**SUPPLIED INFORMATION:**
----

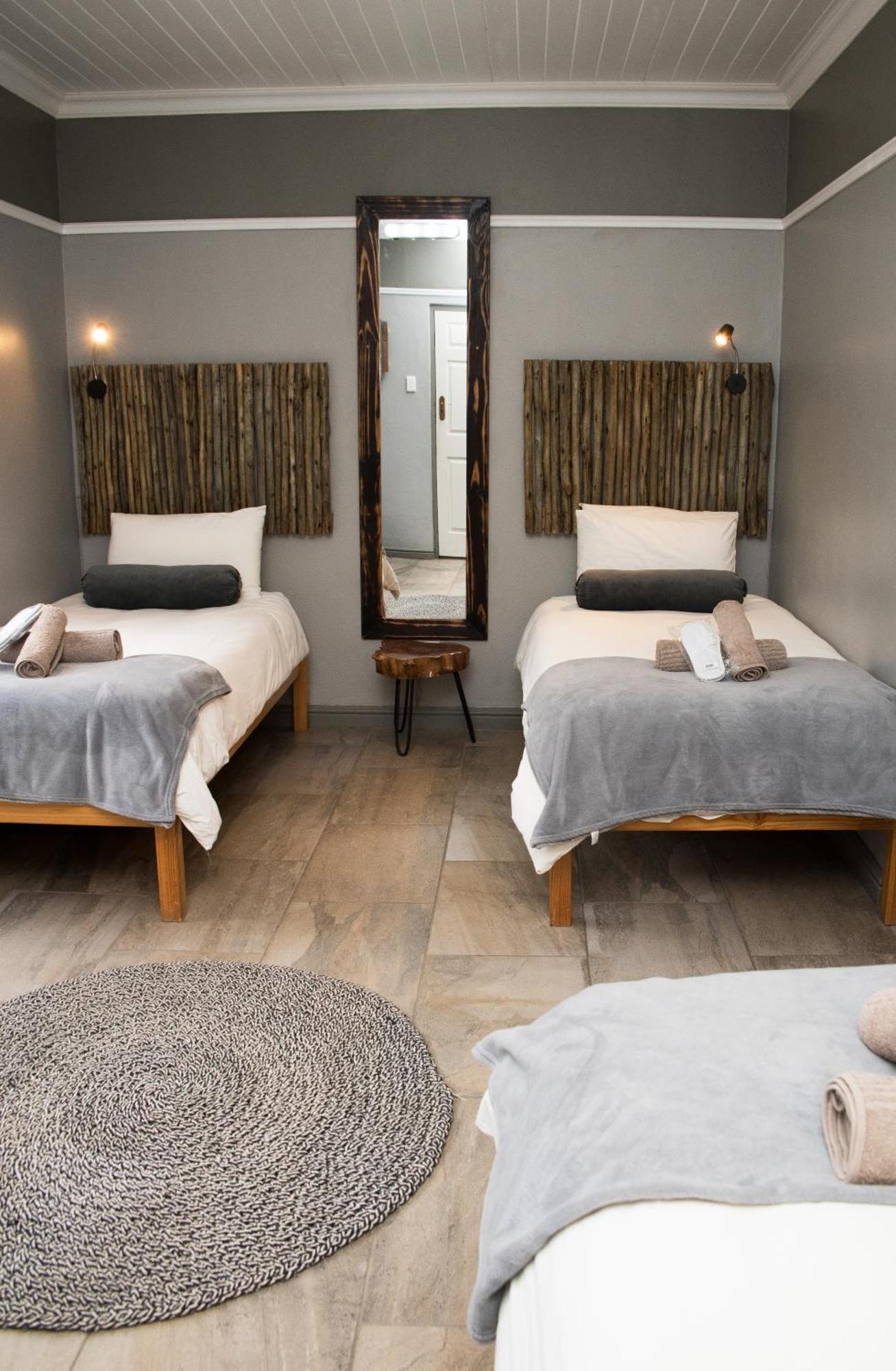 Desert Wind Private Guest And Game Farm Montagu Luaran gambar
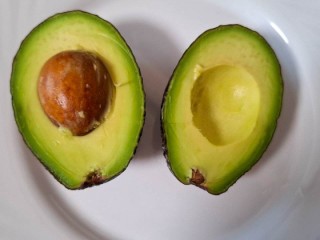 От твердого до переспелого: как продлить жизнь авокадо дома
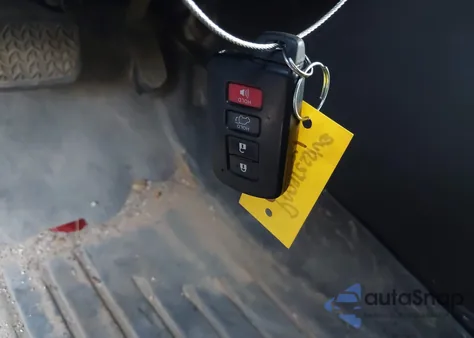 2017 Toyota Highlander Xle from USA, damaged, VIN 5TDKZRFH4HS525295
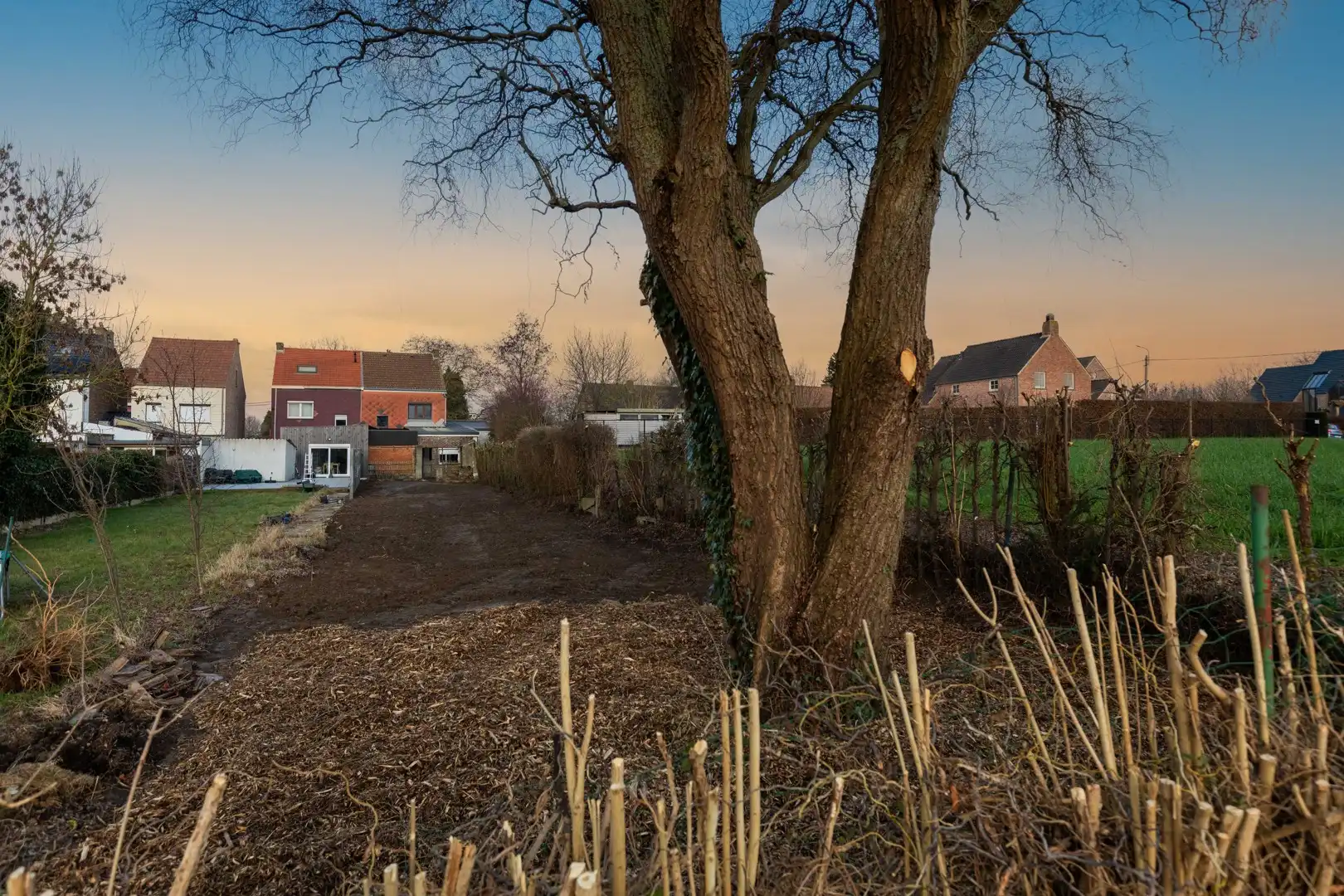 Woning in het centrum met loods of magazijn foto 5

----

**AIM OF THE TASK:**
Your answer must reproduce exactly the lines from the line with "2017 Toyota Highlander" through the end of the material, both ends included, with every picture dropped.

**RESPONSE BOX:**
 2017 Toyota Highlander Xle from USA, damaged, VIN 5TDKZRFH4HS525295
 Woning in het centrum met loods of magazijn foto 5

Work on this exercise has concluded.